Using only the entries below, copy exactly the lines that begin at the one with "British Airways Airbus" and end at the one with "1PC Bi-Metal Heatbreak", both included. Drop the pictures.

GIVEN ENTRIES
◆ ◆ ◆ ◆ ◆

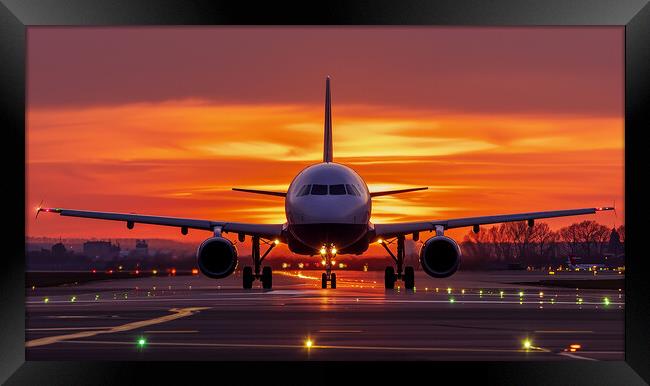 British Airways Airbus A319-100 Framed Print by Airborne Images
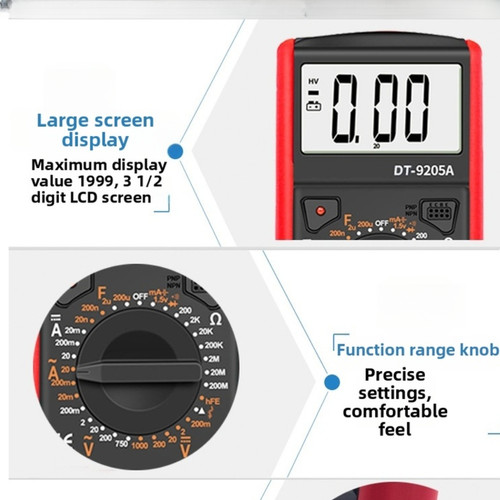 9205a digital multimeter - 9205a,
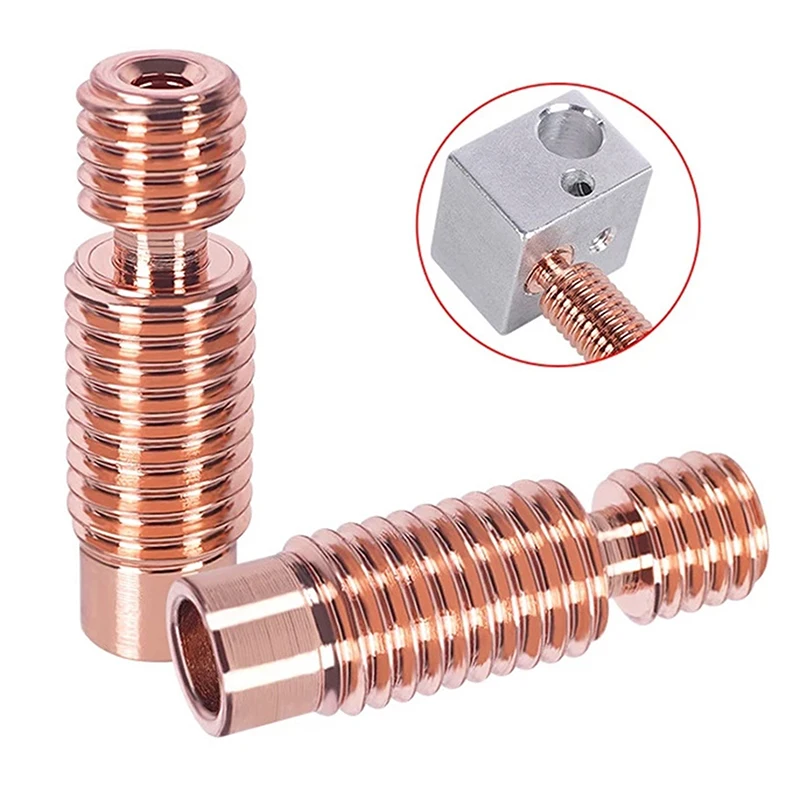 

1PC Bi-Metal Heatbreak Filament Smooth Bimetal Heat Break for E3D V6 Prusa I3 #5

◆ ◆ ◆ ◆ ◆

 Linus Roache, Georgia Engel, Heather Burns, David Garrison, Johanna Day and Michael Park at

◆ ◆ ◆ ◆ ◆

EXERCISE RESPONSE
 British Airways Airbus A319-100 Framed Print by Airborne Images
 9205a digital multimeter - 9205a,

1PC Bi-Metal Heatbreak Filament Smooth Bimetal Heat Break for E3D V6 Prusa I3 #5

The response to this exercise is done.